It seems like some of the more challenging things to do on an ASA involve some sort of traffic being redirected out the same interface it was received on. This article addresses the requirement for spoke to hub to spoke communication for LAN to LAN VPNs. This is less efficient and should not be used when there are massive amounts of traffic between to spokes. However if your design requires fewer peers, a more compact configuration and you prefer a simple solution, this article can help you achieve those goals. Although this article specifically addresses the LAN to LAN VPN type, the methods used here can work with other types of VPNs as well (e.g. Anyconnect and IPSec Remote Access).

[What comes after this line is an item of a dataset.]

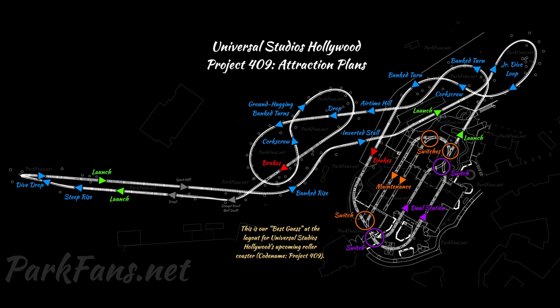Here's the dual loading station. The concept art does show a dual loading station, but the C-shaped spike was cut, and also some of the elements over the escalator. We'll still be going over the escalator but it'll be quite different than before.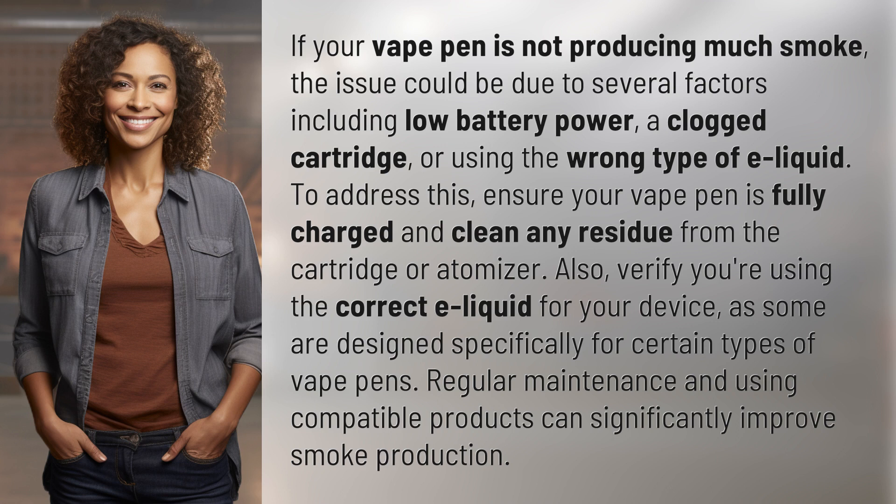Regular maintenance and using compatible products can significantly improve smoke production.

Before we get deep into the configuration, I wanted to go over the diagram of my network and explain the initial configuration.
The initial configuration allows the 10.3.3.0/24 addresses at ”Spoke A” to communicate with the 192.168.1.0/24 addresses at our hub site (Inside). Likewise 192.168.1.0/24 addresses at “Inside” can communicate with 10.3.3.0/24 at “Spoke A”. Similar communication is permitted between the hub site and “Spoke B”. This is done via LAN to LAN IPSec Tunnel. There is nothing in place to allow the RFC1918 addresses at the spoke sites to communicate with one another.
Initial Configurations:
ISP (configuration will not change)
hostname ISP ! ! interface FastEthernet0/0 ip address 1.1.1.6 255.255.255.0 speed auto ! interface Serial0/0.603 point-to-point ip address 1.3.3.6 255.255.255.0 frame-relay interface-dlci 603 ! interface Serial0/0.607 point-to-point ip address 1.7.7.6 255.255.255.0 frame-relay interface-dlci 607 !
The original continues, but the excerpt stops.